This Mother's Day was unlike any other for 71-year-old Polly Mathers.
As she sat in a room packed with other mothers, grandmothers and great-grandmothers, she received a unique American Indian blessing.
She also felt the presence of her deceased daughter.
"This is my first Mother's Day without her," Mathers said. "I feel her with me. She's here with us today."
Mathers said she felt her daughter's spirit as she watched American Indian entertainer Cal Skyhawk Haynes perform traditional dances, rituals and blessings.
It was a first-of-its-kind Mother's Day event for DayOut, a Merced day center for the area's elderly, frail or disabled residents.
From a colorful eagle dance to an impressive hoop display, the program carried an important message peace, love and prosperity.
"We wish the mothers good health, fortune, peace and the balance of life," Skyhawk said. The 60-year-old storyteller has performed at schools, prisons, funerals and birthdays.
He concluded the presentation with an American Indian prayer, and by handing each participant a feather.
Mathers got an extra feather for her 54-year-old daughter, Dolores Greff, who died in November from melanoma, a type of skin cancer. A mother of four, Mathers also lost her husband last year.
"She takes so much as a mother, and she is so strong," said daughter Debbie Weeda, 53. "She never stops loving us no matter what happens in our family. I'm supposed to be lifting her up, but she lifts me."
Unconditional love is just part of being a mother, Mathers said. But sometimes mothers need a little support, and the DayOut program has provided that for Mathers.
"When I lost my daughter, I couldn't control my tears and my friends (in the program) would come up and cry with me," Mathers said. "As days go by, instead of crying it became hugs and kisses."
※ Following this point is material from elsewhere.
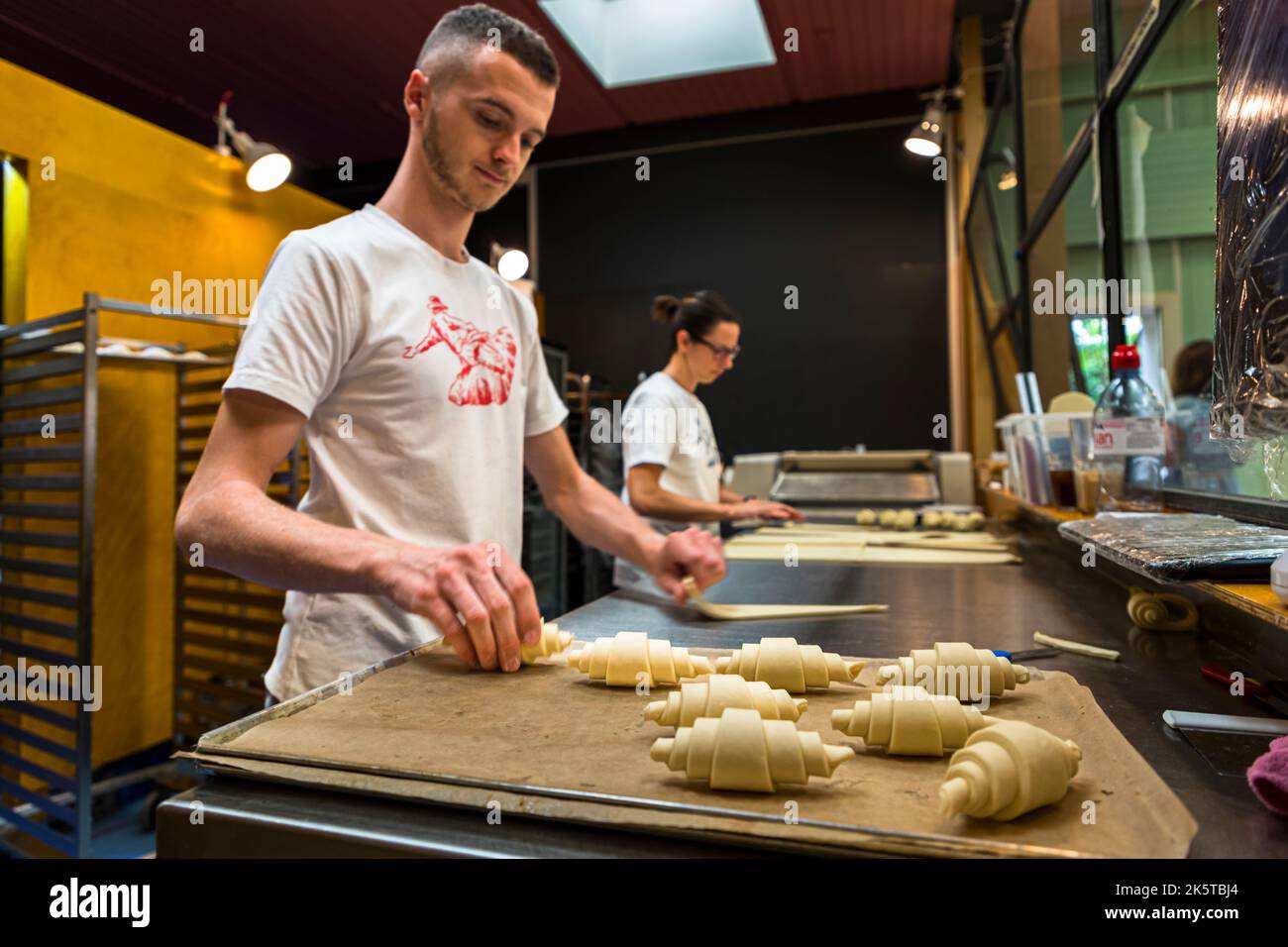At the KULT bakery, you can watch the bakers at work through the glass. Croissants are made here, which are called summits in Basel Stock Photo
Cathy Osborn, DayOut's program director, said Friday's program was meant to celebrate all the mothers in the room.
"It was important to make them feel honored and appreciated," Osborn said.
Maria Cervantes, 85, is a mother to seven children. Cervantes said she enjoyed Friday's program, especially the "beautiful" performance by Skyhawk.
"When he was dancing, I wanted to dance with him," she said.
Skyhawk invited several volunteers to dance with him, saying "celebration does the heart good."
"To laugh, to play, it all comes from mothers," Skyhawk said. "People say babies are miracles. I believe God created the woman, and the mother that makes that child is a miracle."
For Mathers, being a mother is an incredibly rewarding job.
"You can't really put it into words," she said. "I think being a mom is a miracle."